Ainsi beaucoup de scènes vous restent durablement en mémoire une fois le livre refermé. La première visite au parloir de la mère de Monroe, triste, dure. La bagarre de Jim pour avoir un pantalon neuf. Les regards aimables qui cachent une jalousie ardente. Les instants de grâce dans un monde qui en manque singulièrement. L’arrivée du cinéma qui bouleverse les passions et permet à Jim de pleurer enfin, sans honte, parce qu’il a une excuse. Les folles parties de Softball dans la cour du pénitencier. Les amitiés improbables entre lui et des gardiens, certains comme Tom parce qu’ils y voient leur intérêt financier, d’autres comme le vieux Charlie par pure bonté d’âme. Et là aussi Chester Himes étonne car il suggère qu’après tout, les gardiens aussi sont enfermés dans cette prison.

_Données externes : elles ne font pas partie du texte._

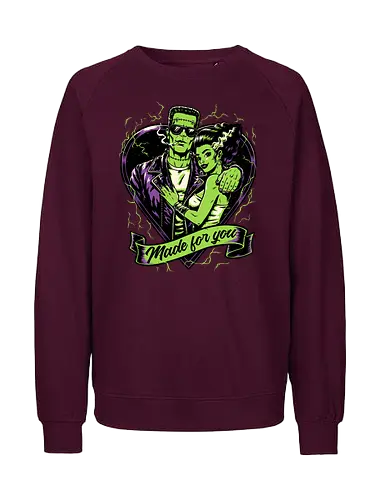 Frankenstein Monster Love - Science Fiction, Science, Halloween, Frankenstein, Bride Of Frankenstein, Bride, Cool, Couple, Love, Monsters, Monster, Spooky, Classic Horror, Horror, Gothic Horror, Folk Horror, Movies, Movie, Classic, Cult Classic, Creepy, Scary, Valentine's Day, Valentines Day, Valentines, Valentine - Fairtrade Sweatshirt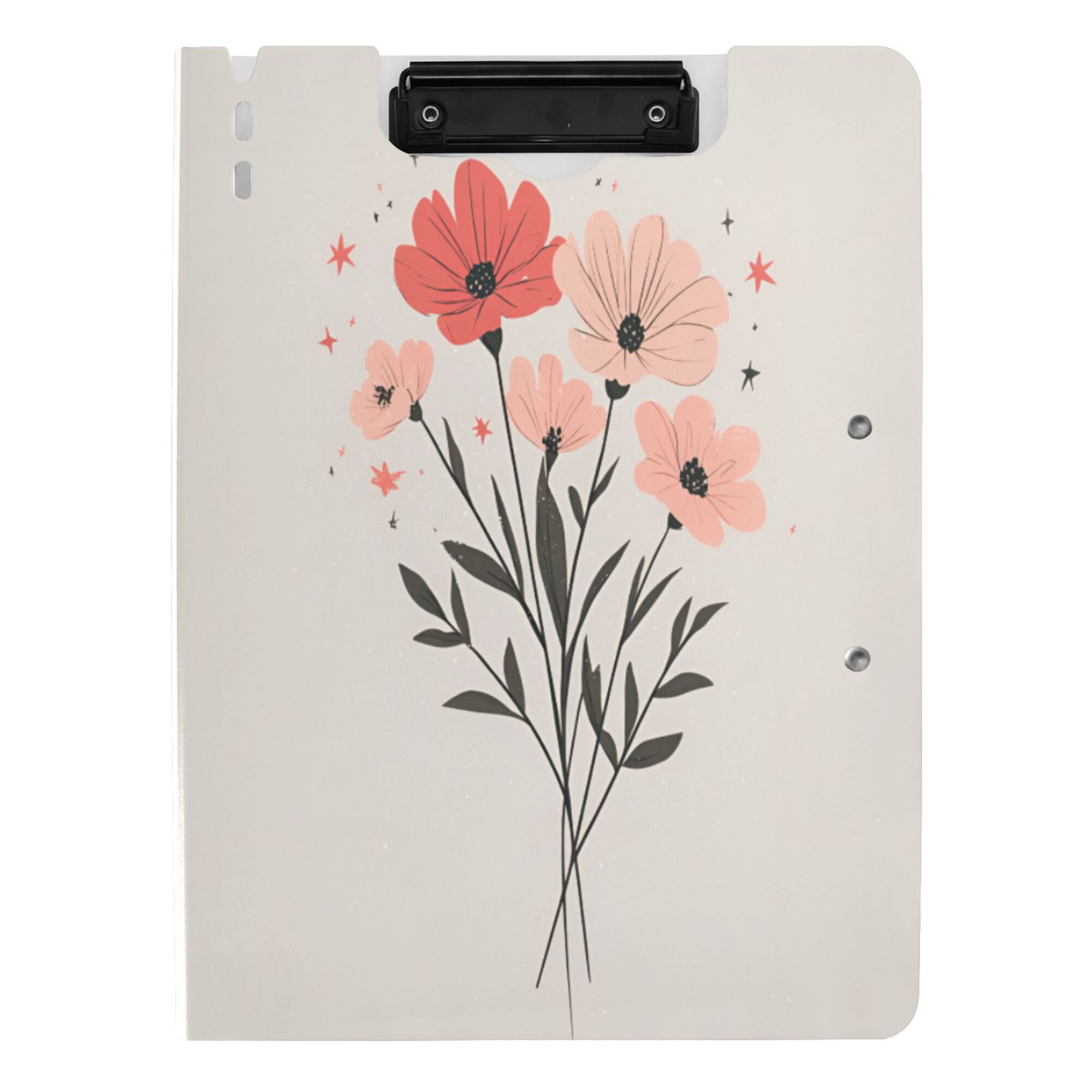 FORMRS A4 Clipboard Folder with Pen Holder Horizontal Foldable School Office Binder, Pink Flower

Tous ne sont pas gentils ou compatissants, certes, mais il y en a, c’est déjà ça.
Bref, c’est un livre qui bouscule les idées reçues (sur le racisme, l'homosexualité), un roman autobiographique (Himes écrit là une partie de sa propre histoire au travers de celle de Jimmy) dont la force est basée avant tout sur la sensation, le sentiment qui prend aux tripes et qui ne laisse pas de place à l'humour ou à la dérision. Un roman d'apprentissage d'une noirceur terrible, à la fois brutal et lyrique.
A noter que Gallimard l'a réédité en 2002, dans une version plus complète, sous le titre "Hier te fera pleurer".